Network Analysis - Generating Biography Networks

In this notebook we generate a network of biographies from the link structure in the English DBpedia. On this network we will compare different centrality measures as well as the distribution of links between genders.

By Eduardo Graells-Garrido.



In [ ]:

    
from __future__ import print_function, unicode_literals
from dbpedia_utils import iter_entities_from
from collections import defaultdict, Counter

import pandas as pd
import numpy as np
import json
import gzip
import dbpedia_config

import matplotlib.pyplot as plt
import seaborn as sns
%matplotlib inline



In [ ]:

    
source_folder = dbpedia_config.DATA_FOLDER
target_folder = dbpedia_config.TARGET_FOLDER
main_language = dbpedia_config.MAIN_LANGUAGE
links_file = '{0}/page_links_{1}.nt.bz2'.format(source_folder, main_language)

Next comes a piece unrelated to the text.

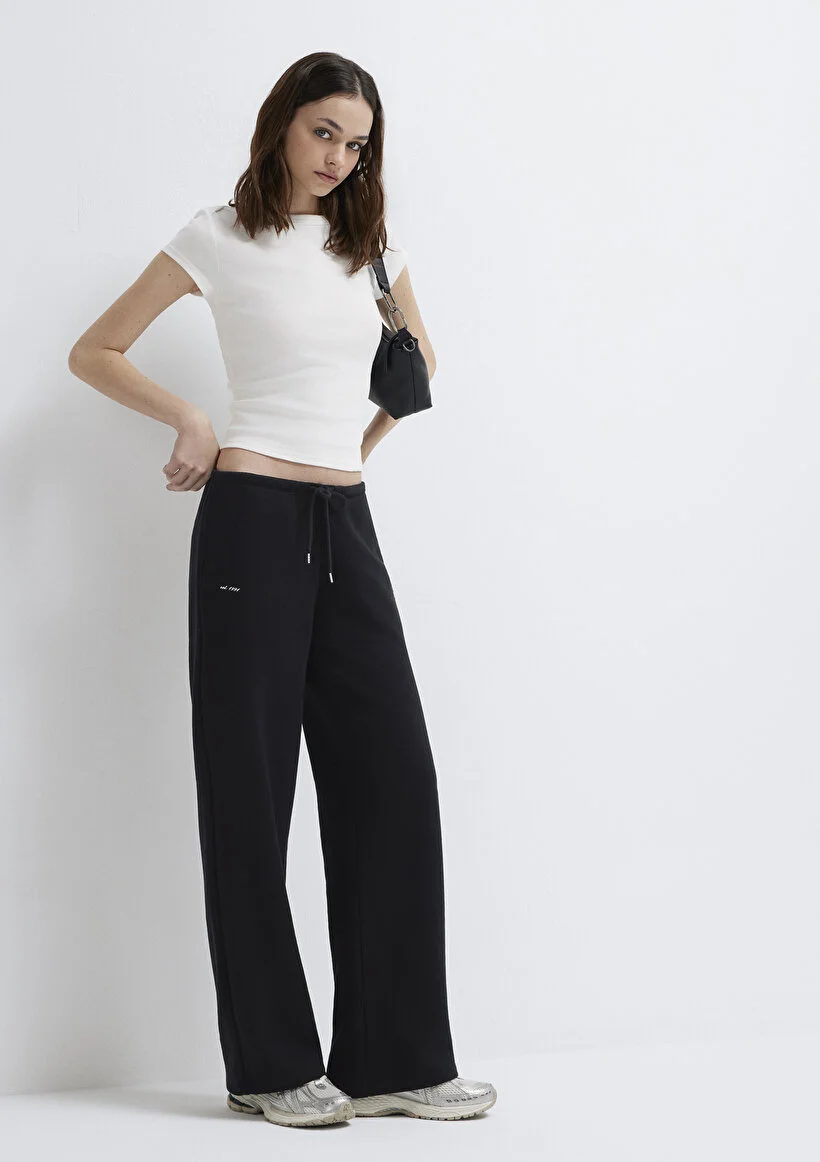 Mavi Kadın M1011124-900 Logo Baskılı Örme Pantolon Siyah Siyah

First, we load person data to process only biographies present in our dataset.



In [ ]:

    
gender_data = pd.read_csv('{0}/person_data_{1}.csv.gz'.format(target_folder, main_language), encoding='utf-8', index_col='uri').loc[:,('gender', 'birth_year')].reset_index().copy()
gender_data.head()

At this point of time you can decide whether you want to process the entire biography network, or, for instance, consider only biographies born before/after 1900, and so on. You decide :)

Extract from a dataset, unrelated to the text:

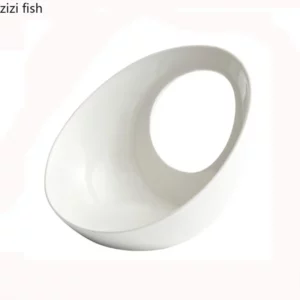 Pure White Ceramic Plate Special-shaped Dessert Plate Salad Plates Snack Plates Restaurant Artistic Conception Tableware - Image 6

In this notebook, we will test the biographies of people born before 1900.



In [ ]:

    
gender_data = gender_data[(gender_data.birth_year < 1900) & (gender_data.birth_year) > 0].reset_index(drop=True)
gender_data.shape

Note that instead of indexing by URI as we do on the other notebooks, this time we indexed by a number because we use numbers to identify vertices in the graph.

So we build a map from URIs to integer indexes.



In [ ]:

    
gender_data.head()



In [ ]:

    
uri_to_i = {row.uri: idx for idx, row in gender_data.iterrows()}



In [ ]:

    
i_to_gender = {idx: row.gender[0] for idx, row in gender_data.iterrows()}

We use the graphtool library to create our graph.



In [ ]:

    
import graph_tool

def build_graph(dataframe, uri_to_i):
    graph_data = {'graph': graph_tool.Graph(), 'id_map': {}, 'g_map': {}, 'pk_to_i': {}}
    graph = graph_data['graph']
    print('dataframe shape', dataframe.shape)
    graph.add_vertex(dataframe.shape[0])

    for entity in iter_entities_from(links_file):
        resource = entity['resource']

        if resource in uri_to_i:
            #print(resource)
            links = []
            for other in entity['wikiPageWikiLink']:
                if other in uri_to_i:
                    #print('->', other)
                    links.append(other)
            src = uri_to_i[resource]
            for link in links:
                #print(src, link)
                graph.add_edge(src, uri_to_i[link])
            
    graph_data['gender'] = graph.new_vertex_property('string')
    gender = graph_data['gender']
    
    print(graph.num_vertices(), graph.num_edges())
    
    for i, row in dataframe.iterrows():
        gender[i] = row.gender[0]
        
    graph.vertex_properties['gender'] = gender
    
    return graph_data

graph_data = build_graph(gender_data, uri_to_i)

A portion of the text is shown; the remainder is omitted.